Wednesday, March 21, 2012

PHP's Source Code For PHP Developers - Part 3 - Variables

In this third post of the PHP's Source Code for PHP Developers series, we're going to expand on the prior posts to help understand how PHP works internally.  In the first post of the  series, we looked at how to view PHP's source code, how it's structured as well as some basic C pointers for PHP developers.  The second post introduced functions into the mix.  This time around, we're going to dive into one of the most useful structures in PHP: variables.

Enter the ZVAL


In the core, PHP land variables are called ZVALs.  This middle structure is necessary for a number of reasons, not least of which is that PHP uses dynamic typing where C uses strict typing.  So how does this ZVAL thing solve that problem?  Well, to answer that question, we need to actually look at the definition of the ZVAL type.  To do that, let's try searching lxr.php.net for zval in the definition box.  At first glance, it doesn't look like we found anything useful.  But there is a typedef line in zend.h (typedef is a way to define new data types in C) .  That might be what we're looking for, so let's check that out.  Initially, this looks like a red-herring.  There doesn't appear to be anything useful here.  But just to be sure, let's try clicking on that _zval_struct line.
struct _zval_struct {
 /* Variable information */
 zvalue_value value;  /* value */
 zend_uint refcount__gc;
 zend_uchar type; /* active type */
 zend_uchar is_ref__gc;
};
And there we have the foundation for all of PHP, the zval.  Looks quite simple, right?  It is, but there's some pretty significant magic in there as well.  Note that this is a struct or structure.  Basically, think of this like a class definition in PHP with only public properties.  In this case, we have 4 properties: a value, a refcount__gc, a type and a is_ref__gc.  Let's examine each of these properties one by one (slightly out of order):

Value

The first element that we come across is named value, and has a type of zvalue_value.  I don't know about you, but I've never heard of a zvalue_value before...  So let's try to figure out what it is.  Like other parts of that site, you can click on the type to see its definition.  And if you do, you'll notice that its definition is literally right before it in the file.
typedef union _zvalue_value {
 long lval;  /* long value */
 double dval;  /* double value */
 struct {
  char *val;
  int len;
 } str;
 HashTable *ht;  /* hash table value */
 zend_object_value obj;
} zvalue_value;
Now, there is some serious dark voodoo going on here.  See that union declaration?  That means that this is not actually a structure, but a single type.  But there are more than one types in that list!  How can it be a single type, if there are multiple types?  I'm glad you asked.  To understand this, we must first remember back to our talk about types in C from the first post.

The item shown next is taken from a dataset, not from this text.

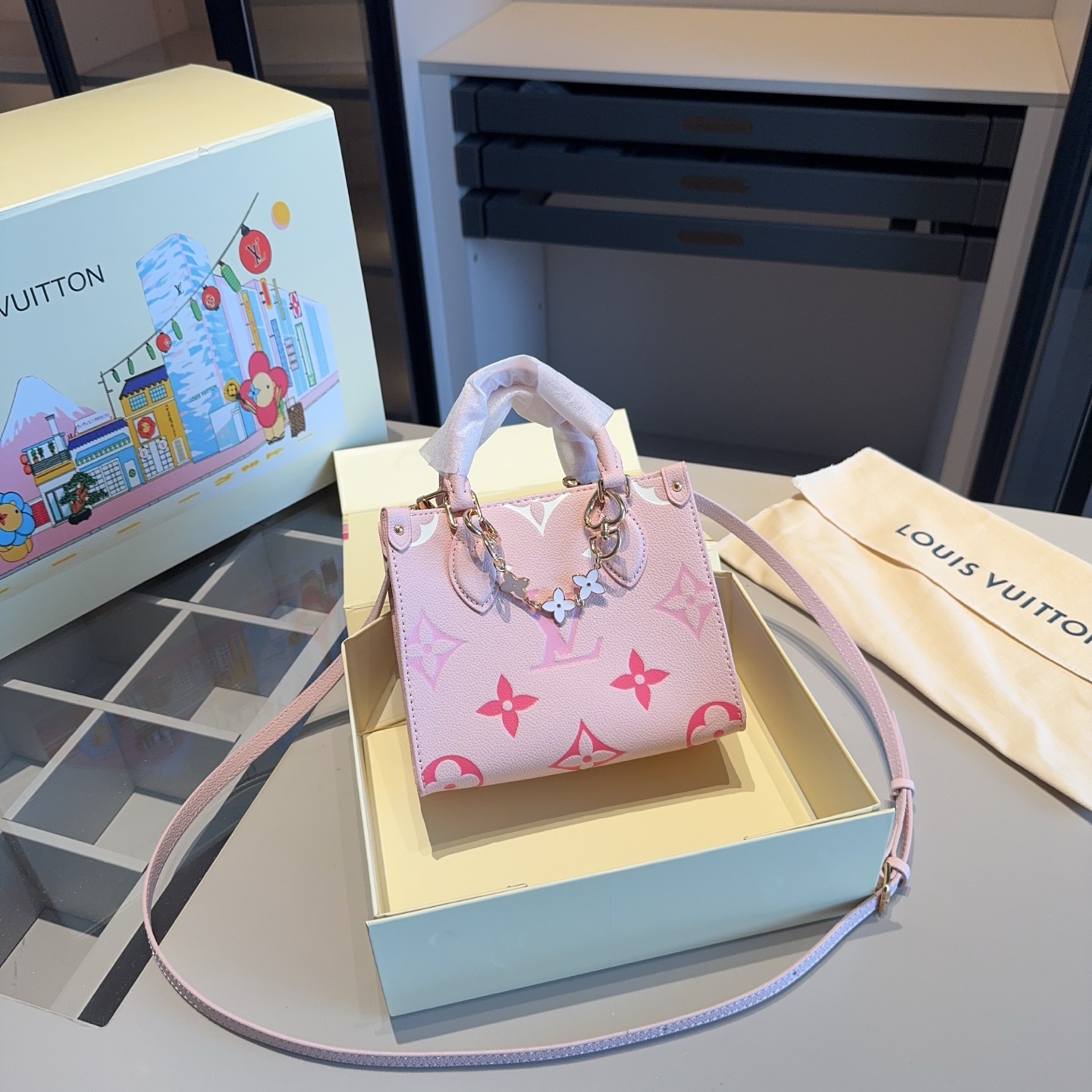 Louis Vuitton LV OnTheGo BB/PM/MM Rose Powder Gradient Giant Monogram Empreinte Leather Top Handle Tote Bag - KAIROO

Remember that in C, variables are just labels for raw memory addresses.  Well, it also follows that types are just a way of denoting what a particular block of memory is used for.  There's nothing in C separating a 4 byte string from an integer.  They are both just blocks of memory.  The compiler will try to enforce it by "labeling" the memory segments as variables and enforcing those types from that variable, but it's not always able to (incidentally, when one variable "overwrites" its allocated memory segment, that can become a segmentation fault).

So, with that in mind, a union is simply a single type that can be interpreted in different ways depending on how its accessed.  This allows us to have one value declaration that can support all of our types.  The caveat is that all types must therefore take the same amount of memory to store.  In this case on a 64 bit compile, a long and a double will both take 64 bits to store.  The string struct will take 96 bits (64 bits for the char pointer, and 32 bits for the int length).  The hash table will take 64 bits, and the zend_object_value member will take 96 bits (32 for the handle element, and 64 for the handlers pointer).  So the overall union will take the same size as the largest element, so in this case 96 bits.

Now if we look closer at the union, we can see only 5 of our PHP data types represented (long == int, double == float, str == string, hashtable == array, zend_object_value == object).  So what happened to the rest of the data types?  Well, as it turns out, this is enough to store the rest of the data types as well.  BOOL is stored as long (int), NULL doesn't use the value segment, and RESOURCE uses long as well.

Type

Now, since the value union doesn't actually control how it's accessed, we need some way of keeping track of the type of the variable.  This way, we can know how to access the value information from value type.  This is handled by the type byte (zend_uchar is a single unsigned character, or a single byte of memory).  This holds the information from the zend type constants.  There's really no magic here, it's just zval.type = IS_LONG to define an integer.  So this field and the value field are enough to know the data type and value of a PHP variable.

IS_REF

This field denotes if the variable is a reference.  What that means, is that you've done $foo = &$bar with the variable.  If it's a 0, then the variable is not a reference, and if it's a 1, it is a reference.  This really doesn't do much by itself.  So before we write this value off, let's look at the fourth member of the zval struct.

REFCOUNT

This field is really just a counter of the number of PHP variables that point to this internal variable representation.  So a refcount of 1 indicates that there's exactly one PHP variable pointing to the internal representation.  A value of 2 indicates that there are 2 PHP variables pointing to the same zval instance.  By itself, this isn't really useful information, but when coupled with the is_ref parameter, we have the basis for both garbage collection and copy-on-write.  This lets us use the same internal zval storage for more than one PHP variable.  Reference counting semantics are beyond this post, but if you want to dig further, I'd suggest this documentation article.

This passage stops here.